Collections

A collection is an IBM® Streams Processing Language (SPL) component that can be used to represent complex arrangements of streaming data. Collections are supported by built-in SPL functions to access and manipulate the collection contents.

Quick links

Overview

The following collection types are supported:
  • Set
  • Map
  • List
Collections are further extended to represent complex nesting of composite types, including lists of lists. In other words, their elements and, in the case of maps, even their keys can be of any type, including other composite types. Empty list, set, and map literals can occur only where their type is clear from the context: casts, variable initializers, assignments, and typed operator parameters.
Streams primitive and composite types

As with primitive types such as strings, SPL implements collection types of bounded length. Bounded-length variants follow the same rules as bounded strings. For example, list<int32>[2] can store a maximum of two integers. You can declare bounded-size types with unbounded elements, such as list<rstring>[3], though doing so does not offer the same marshalling optimization opportunities. SPL limits all bounded or unbounded collections to a maximum of 231-1 elements. For types with bounded size, the bounds must be compile-time constants.

You can also declare bounded collections that contain unbounded types, such as a bounded list of rstring. From a developer perspective, there is little difference between bounded and unbounded types.
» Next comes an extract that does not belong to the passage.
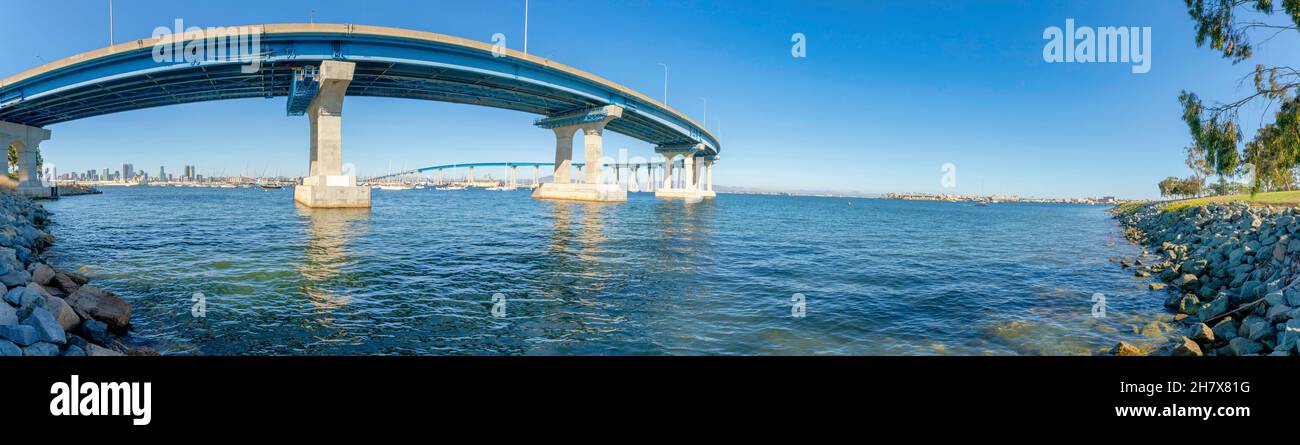 Pont Coronado à San Diego, Californie contre le fond bleu clair du ciel Banque D'Images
However, there are some compile-time optimization advantages when bounded types are used.

The literal syntax for list values and map values is the same as in Python or JavaScript (including JSON), and the literal syntax for set values is similar to Python or JavaScript.
listLiteral ::= ‘[' expr*,]'                   # for example, [0, x, x+1, x+2]
mapLiteral  ::= ‘{' ( expr:' expr )*,}'      # for example, { "Mon": −1, "Fri": 1 }
setLiteral  ::= ‘{ ' expr*, }'                 # for example, { "IBM", "GOOG"}

Composite types have their own operators. For more information, see Expression language. You can subscript a list or map with l[i], check membership in a collection with "x in s", iterate over a collection with "for(T x in s) ...", and so on. There are also various functions to work on collections; for example, setUnion(set1, set2) or setIntersection(set1, set2).For maps, the left operand of the in operator is the key. In other words, "Oz" in m checks whether "Oz" is a key of the map m. Value (as opposed to key) membership tests use functions, not the in operator.
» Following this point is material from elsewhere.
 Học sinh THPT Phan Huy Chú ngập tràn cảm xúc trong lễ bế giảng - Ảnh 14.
Note: Lists are implemented with arrays, but unlike the C language, SPL uses static or dynamic checks to protect against out-of-bounds accesses. Sets and maps are implemented with hash tables. They are unordered and support constant-time lookup.

The list collection

Lists are sequence containers with their contents ordered linearly. Lists allow random, zero-based access to their contents. In simple terms, they can be thought of as dynamic arrays, allowing access to individual list items; but at the same time, they allow for dynamic allocation of new entries where the list is expanded or contracted as needed.

One more advantage over traditional arrays is that lists in SPL provide for tighter boundary checking, ensuring that requests to access list elements beyond the list boundary are prohibited.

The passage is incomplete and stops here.